Selama sesi konsultasi, Coach Yuan Yudistira sering banget ngomongin pentingnya buat berbagi beban dengan orang-orang yang deket sama kita. Dia bilang, kalau ada kejadian yang bikin takut atau cemas lagi, jangan simpen sendiri. Lebih baik cerita ke orang yang kita percaya, biar beban kita berkurang.
Nah, setelah empat pertemuan yang seru banget, aku merasakan perubahan yang nggak terduga. Aku jadi lebih percaya diri dan bisa bergaul dengan normal. Berkat bantuan dan dukungan Coach Yuan Yudistira. aku belajar menghadapi kecemasan sosial dengan lebih baik.
Setahun sudah berlalu. Dan Aku telah berani daftar balik kuliah lagi, walaupun awalnya ragu, , tapi aku nggak mau biarin fobia sosial menghalangi hidupku lagi.
Sekarang, rasanya kayak hidupku akhirnya ketemu arah yang bener. Aku masih inget banget gimana gannguan fobia sosial ngebikin aku menjauh dari orang lain, tapi sekarang, aku bisa lihat dunia dengan penuh keberanian. Terima kasih banget buat Klinik Terapi Candradimuka dan dr. Kusuma yang udah bantu sembuhin phobia sosialku.
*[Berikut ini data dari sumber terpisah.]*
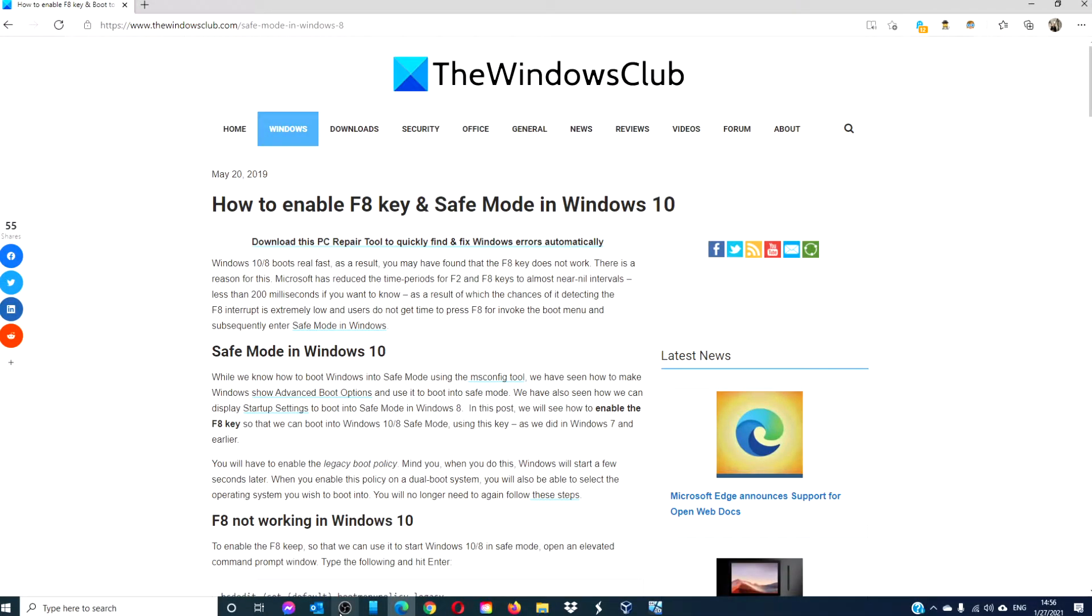Hello Windows Universe! In this video, we will look at how you can enable the F8 key and safe mode in Windows 10. For a more in-depth look at the topic, be sure to check out our article linked in the description down below.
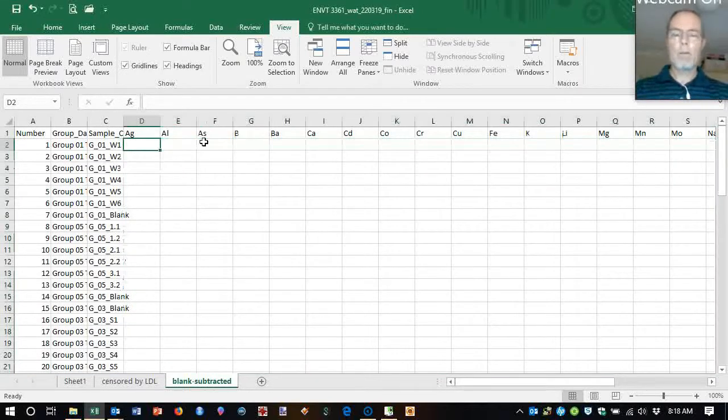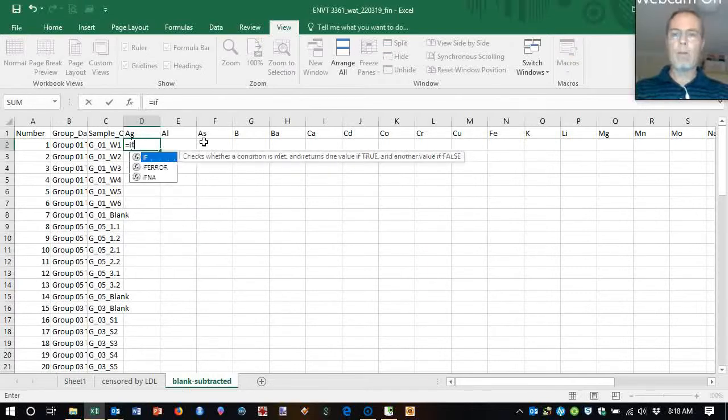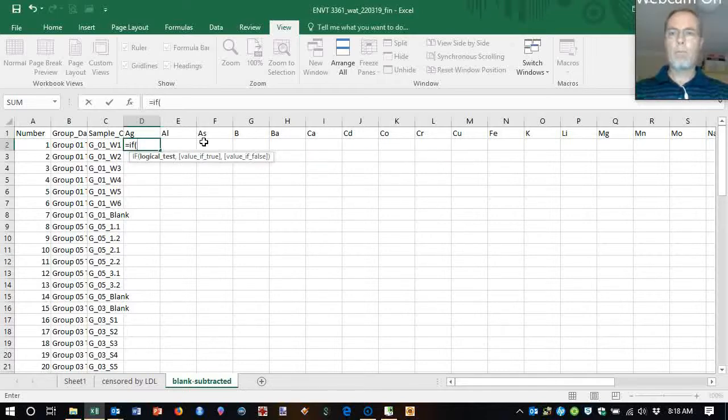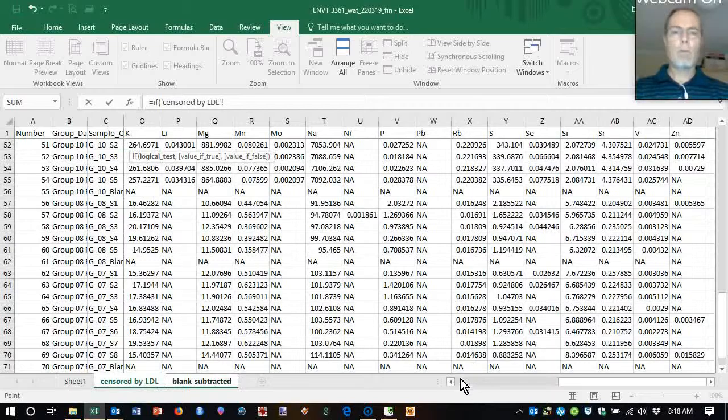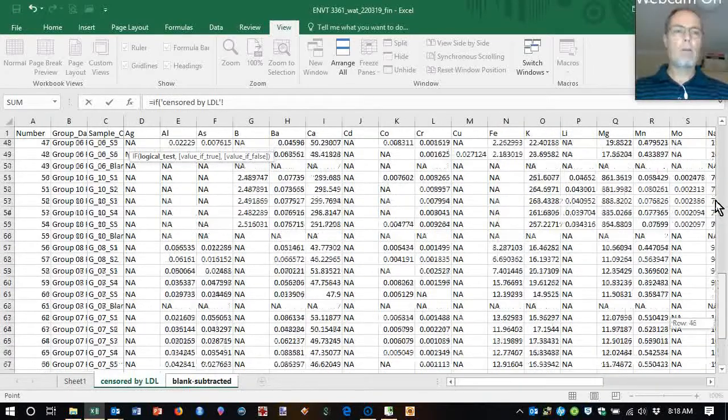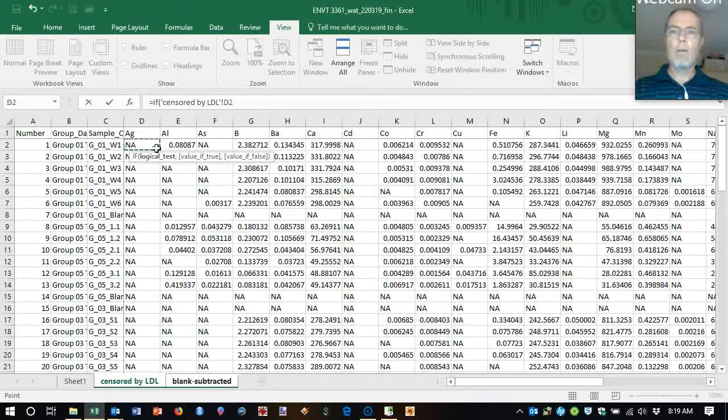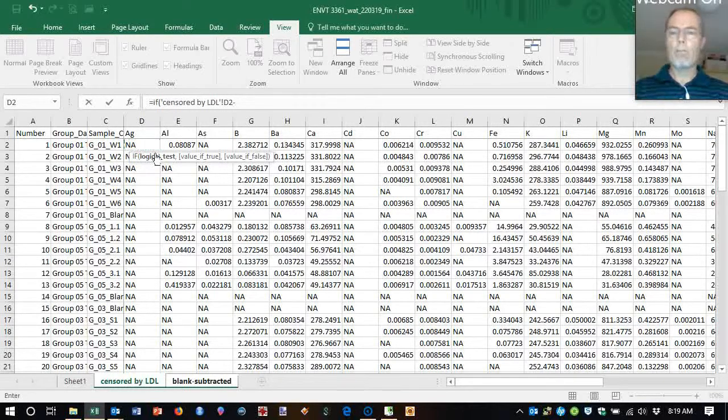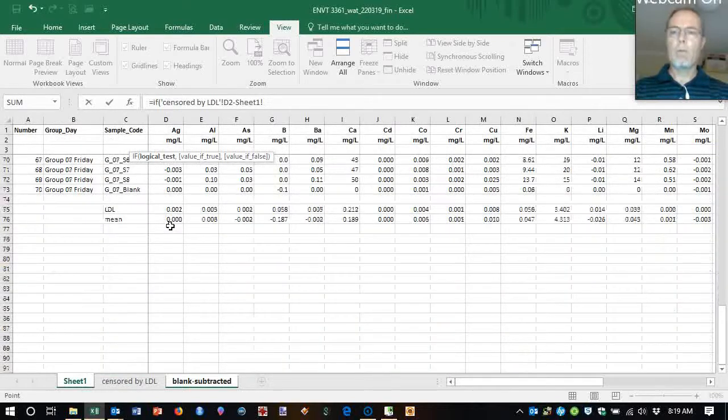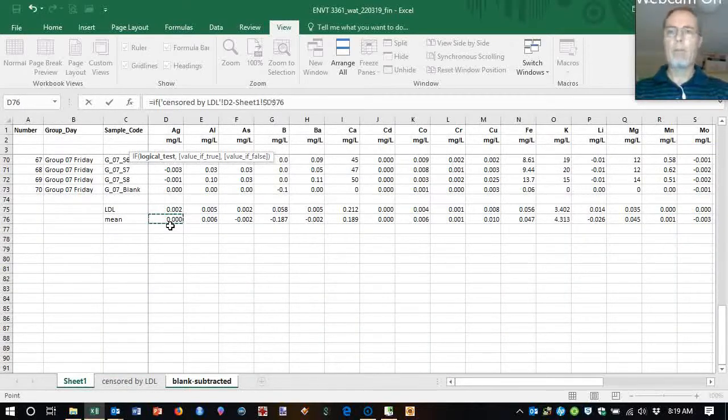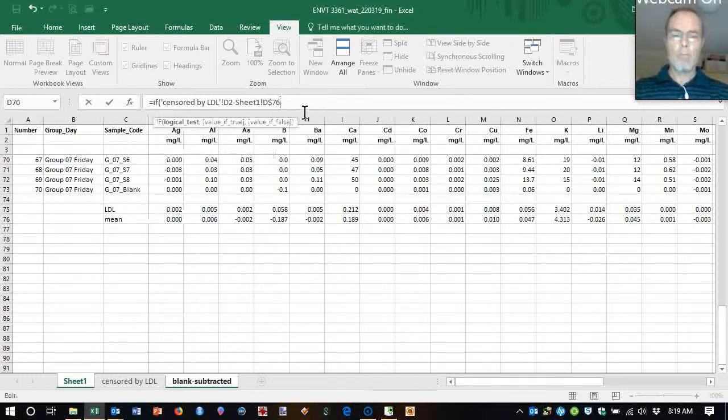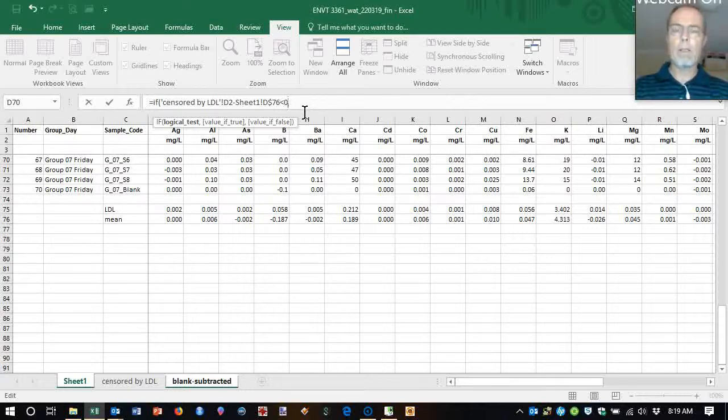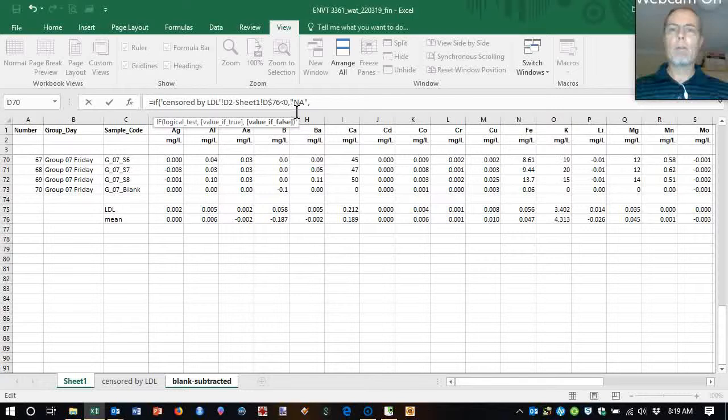So now I'm going to say if that minus the blank, let's fix that in place, is less than zero. If the value is less than the blank because we need to subtract the blank, then make that not available. But if it's not less than zero, we'll just use that formula.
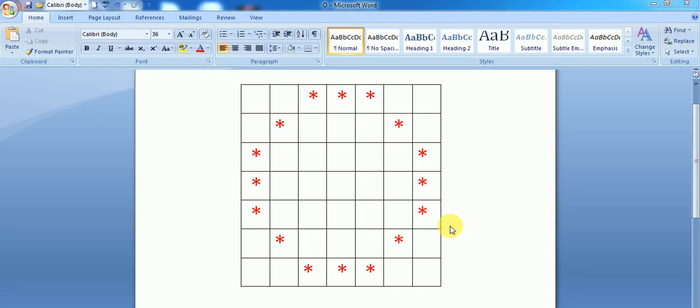Hi guys, welcome to my YouTube channel. In this video we will discuss this pattern that is a circle, also called an O-shape — alphabetically O-shape. So let's get started, it's coding.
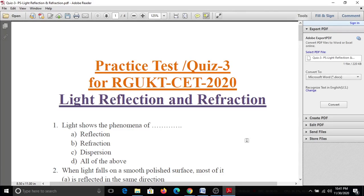American Namaste Andy. Welcome to Bhaskar Khoda on YouTube channel. In this video, we are going to discuss about the practice test or quiz 3 called RGPT set. This is one important chapter: Light, Reflection and Refraction.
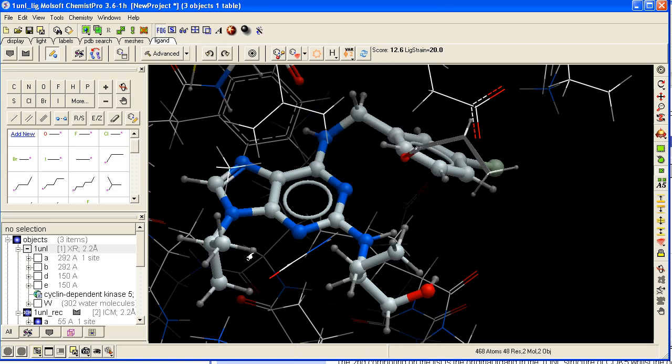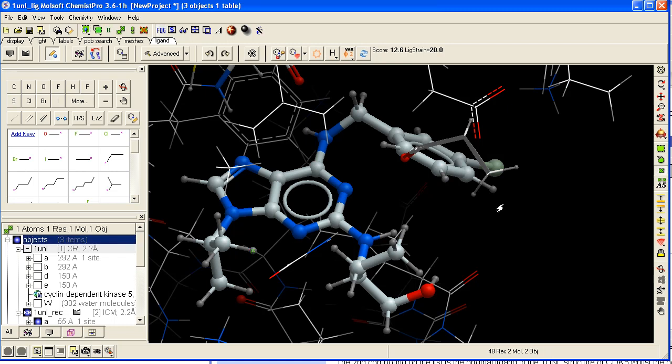Then select the hydrogen on which you want to start screening your substituents. Click on here, one atom, pick atom, click on the atom.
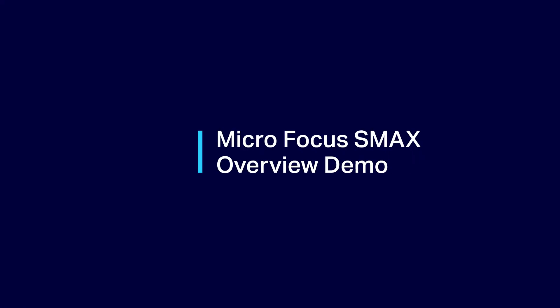This short demonstration will give an overview of how Micro Focus SMAX is used for enterprise service management spanning IT and business functions.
Aku menulis Cerita hidupku sebagai Ani yang bertahun-tahun menderita phobia sosial ini buat aku ngerasa kembali hidup.
Aku belajar kalau gak ada yang salah jadi introvert, tapi kalau kita terus sembunyi dan ngerasa sendiri, cuma merusak diri kita sendiri.
Dengan terapi yang tepat dan dukungan dari orang-orang yang dekat sama kita, kita bisa menaklukkan phobia sosial dan menemukan kembali kebahagiaan dalam hidup. Rasanya kayak dapet hidup baru yang lebih berwarna dan penuh keberanian.